El tiempo de la Iglesia es por sí mismo sagrado, por el mero hecho de que pertenece al «mundo venidero». Es sabido, sin embargo, que para que sea efectiva la sacralización del tiempo por los hombres debe ir marcada de signos visibles: los «tiempos sagrados» y las *fiestas religiosas cuyo retorno anual se adapta a los ritmos del tiempo cósmico. Ya el AT había buscado para estos signos una nueva fuente de sacralidad en la conmemoración de los grandes hechos de la historia sagrada. Desde la venida de Jesús a la tierra estos mismos hechos no tienen ya sino un valor de *figuras, puesto que el acontecimiento de la salvación se ha encuadrado en el tiempo histórico. Este acontecimiento único es, pues, lo que la Iglesia actualiza ahora en los ciclos de su calendario litúrgico a fin de santificar el tiempo humano. Cada domingo, *día del Señor (Ap 1,10; Act 20,7; lCor 16,2), viene a ser en el marco de la semana una celebración de la resurrección de Jesús. La celebración adquiere un carácter más solemne cuando retorna anualmente la fiesta de *pascua, la fiesta por excelencia (lCor 5,8), aniversario de la muerte y de la resurrección del Señor (cf. 5,7). Así se hallan en el NT los primeros lineamentos de los ciclos litúrgicos cristianos, que se desarrollarán en la Iglesia. Toda la vida humana se pondrá así en relación con el misterio de salvación advenido en la historia, verdadero tiempo ejemplar que finalmente ha sustituido al «tiempo primordial» de las mitologías paganas.

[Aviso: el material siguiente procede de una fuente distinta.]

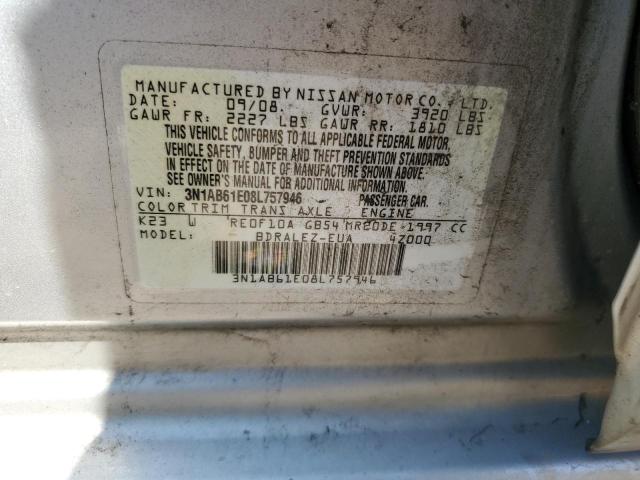 Photo 10 from auction – 2008 NISSAN SENTRA 2.0 with VIN 3N1AB61E08L757946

III. LA CONSUMACIÓN DE LOS SIGLOS.
1. La escatología cristiana.
No obstante el tiempo de la Iglesia no se basta a sí mismo. En relación con el AT forma ya parte de los «últimos tiempos», pero no por eso deja de tender hacia una plenitud futura, no deja de estar orientado hacia un término que es el «día del Señor». Ahora que se ha dado el *Espíritu a los hombres, la creación entera aspira a la revelación final de los hijos de Dios, a la *redención de su cuerpo (Rom 8,18-24). Sólo entonces se con-sumará la obra de Cristo, que es el alfa y omega, «el que es, que era y que viene» (Ap 1,8). En ese día «siglo presente» y tiempo de la Iglesia acabarán conjuntamente. El primero hundiéndose en una catástrofe definitiva cuando el séptimo ángel derrame su copa y se oiga una voz que grite: .(Hecho está» (16,17). El segundo, llegando a su total transfiguración, cuando aparezcan los «nuevos cielos y la nueva tierra» (21,1). Entonces no habrá ya ni sol ni luna que marquen el tiempo como en el mundo antiguo (21,23), puesto que los hombres habrán entrado en la eternidad de Dios.

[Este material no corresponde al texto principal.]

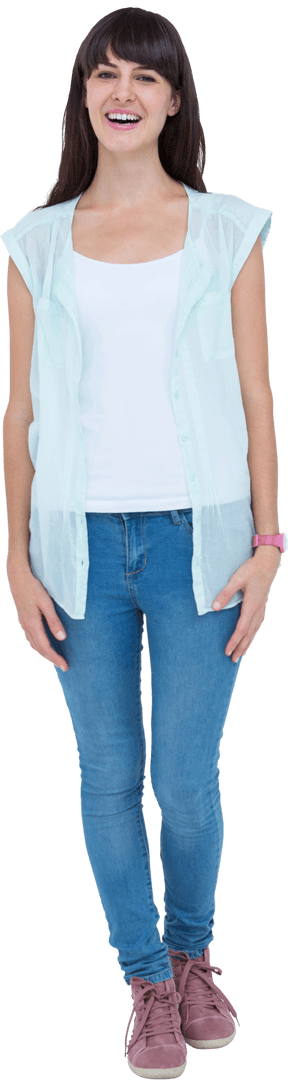 Full Length Transparent Portrait of Smiling Woman in Casual Attire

2. ¿Cuándo llegará el fin?
Jesús no dio a conocer la fecha en que ha de verificarse esta consumación de los siglos, este fin del mundo: es un secreto del Padre solo (Mc 13,32 p), y no pertenece a los hombres conocer los tiempos y los momentos que él ha fijado por su propia autoridad (Act 1,7). La Iglesia naciente, en su ardiente esperanza de la parusía del Señor, vivió bajo la constante impresión de su proximidad: «El tiempo es corto» (lCor 7,9); «la salvación está ahora más próxima que cuando vinimos a la fe, la *noche avanza, el *día está próximo» (Rom 13,11s). La impresión era tan fuerte que Pablo, aun empleando este lenguaje, hubo de poner en guardia a los tesalonicenses contra todo cálculo preciso de la fecha fatídica (2Tes 2,lss). Sólo poco a poco, bajo la presión de la experiencia, se adquirió conciencia de la prolongación de los «últimos tiempos». Pero la inminencia del retorno del Señor siguió siendo un componente esencial en la psicología de la *esperanza: el Hijo del hombre viene como un ladrón de noche (Mt 24,43; lTes 5,2; Ap 3,3). El tiempo de la Iglesia , que se desarrolla a nuestros ojos, está también marcado con signos precursores del fin (2Tes 2,3-12; Ap 6-19). Así el NT completa la visión profética de la historia humana que había esbozado el AT.